En 2018, Maxime LE MEUR se frotte à une autre sorte de Châtelet fortifié aux équipes emplies de cadors : le George V. A l’Orangerie où David BIZET brode déjà une étoile sur sa veste, il retiendra le « peps » des petits condiments, des pickles en portée musicale, les équilibres en pointillé : « Il n’y avait que des monstres, Baptiste Leroux, Antoine Guichard dans une fourmilière ». En mars 2018, l’indéfectible indépendant étrenne son premier poste de chef à l’Affable, dans le 7éme arrondissement. Sa carte blanche déplie un horizon gastronomique dans un cadre de bistronomique.
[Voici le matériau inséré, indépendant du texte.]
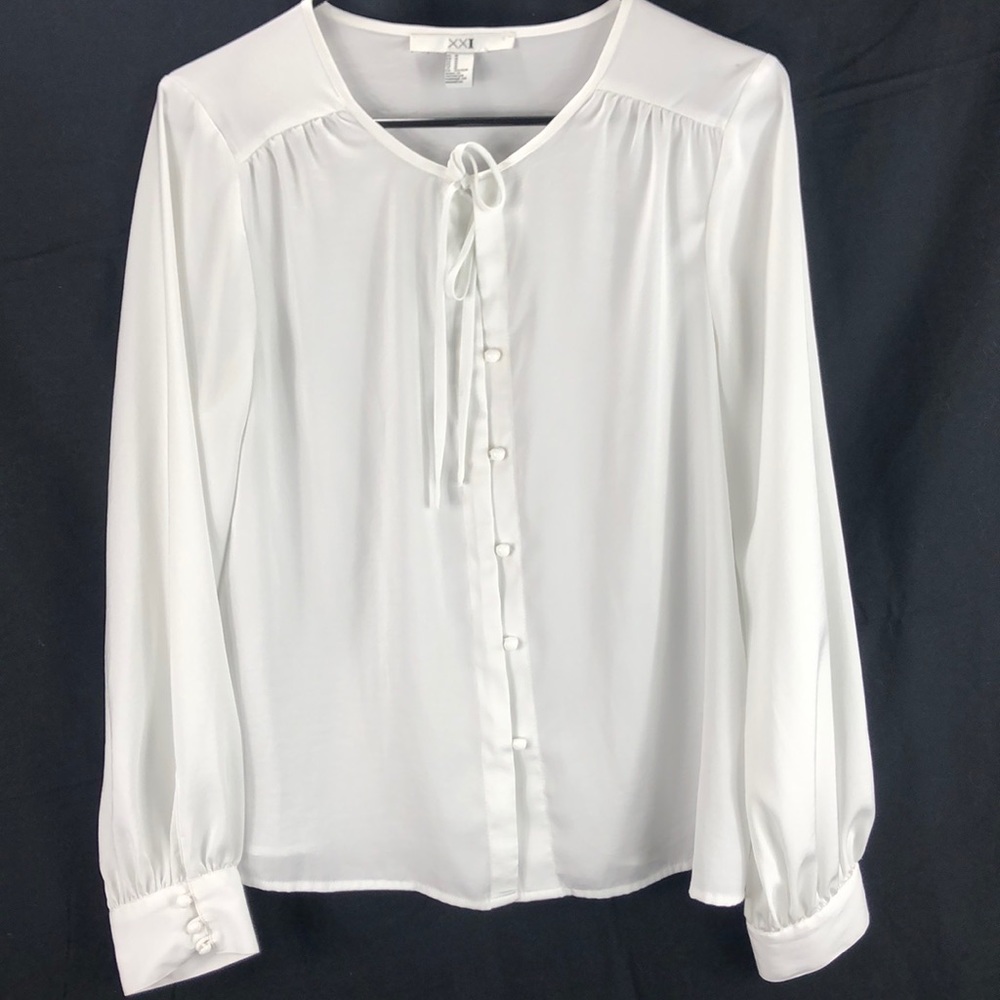 Off white 100% polyester blouse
Alors qu’il désire voler de ses propres ailes, en 2019, « Monsieur VIGATO » lui demande de rafraichir LAPEROUSE, maison de plaisirs curieuse et grandiose érigée en 1766 en plein cœur du 6ème, lieu de mémoire pyramidal entre tension et vivacité. En novembre 2021, enfin chez lui dans son Gemellus du 7ème, avec son jumeau attablé en 2023 dans le 16ème, celui qui s’estime restaurateur dans une histoire de famille passionnée par l’entreprenariat, poli et dégrossi, accueille et salue, sert ses sauces et dresse ses tables : « l’assiette est au centre mais la relation est humaine ».
Le singulier rieur de l’avenue Duquesne pique notre découverte avec des mariages hyperesthésiques terre/mer : veau/langoustine, pigeon/homard, couteau/cochon, maigre/bœuf. Dans cette vision de la franche lisibilité, les fonds prévalent dans une veine française à la perspective renversée : « Le matin, je consulte mon second, on fait une sauce réglisse, chocolat, avocat, moutarde et badiane. La texture de la viande résonne. La sauce est un plat, au centre du volcan ». Le sabayon à la vanille confine au grimoire pour la langoustine.
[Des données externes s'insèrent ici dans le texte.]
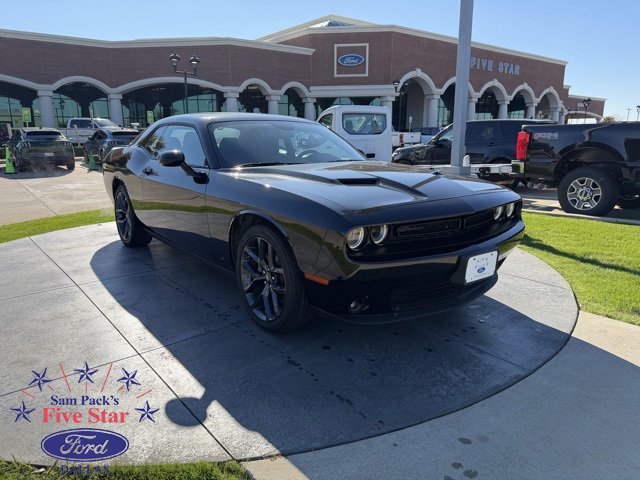 Used 2023 Dodge Challenger SXT w/ Blacktop Package image 1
A l’heure cartrusienne, l’ancien footballeur N°9 au Rachais Club veille à son glaçon à la chartreuse verte, gaspacho de tomate verte, à son foie gras poêlé à la gastrique à la jaune. Avec son nuancier thématique d’aquarelliste, le passionné de voitures préserve son kaléidoscope : « J’aime un ensemble de produits par saison : petits pois/asperges/morilles ». Différer tient à un matefaim ténu, l’adéquation d’un pain/beurre parisien dans son atticisme breton, la drôlerie d’un salpicon coloré, l’esprit astral de la haute noce, prélude à l’impeccable gouverne d’une brigade actuelle d’impétueux.
La manière LE MEUR s’agrémente d’une palette claire, ductile et émotionnelle. Les nuances végétales gravitent autour de compositions spectrales : Raisin / Olive / Concombre, Navet / Fenouil / Pomme, Cèpe / Poire / Mûre/ Céleri. Les pigmentations florales se partitionnent en éphémérides : Lavande / Menthe / Laurier / Badiane, Mouron des oiseaux / Persil/ Tagete, Criste marine / Ghoa cress / Cerfeuil. Les teintes marines picturales éclatent : Couteau de mer / Dorade / Maigre, Haddock / Gambas / Rouget / Œuf de poisson.
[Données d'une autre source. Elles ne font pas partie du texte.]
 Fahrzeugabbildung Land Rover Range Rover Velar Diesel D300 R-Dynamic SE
L’art culinaire de Maxime LE MEUR réfère finalement à ses trois loisirs de dilection : la chasse sous-marine, le ski alpin et l’automobile. « En Bretagne, sous l’eau, en apnée, le temps s’abolit, nous apaise, on observe les araignées de mer, les tourteaux avec palmes et tuba. Le silence s’installe. Dans la poudreuse des monts grenoblois, la pensée s’évapore. Sur un circuit, avec un casque et des gants, dans une bulle, concentré, le vide nous calme ».
Les coloris champêtres se moirent en duos : Veau / Magret fumé, Pigeon / Lardo di Colonata, Jus de Volaille / Foie Gras. A deux enjambées de l’ancien immeuble du guide rouge, les carnations ultimes des parfums doux nous happent vers le nuage rêvé de notre efflorescence : Figue / Fromage blanc / Feuille de figuier, Vanille / Tonka / Chocolat, Sarrasin / Crème brulée / Citron.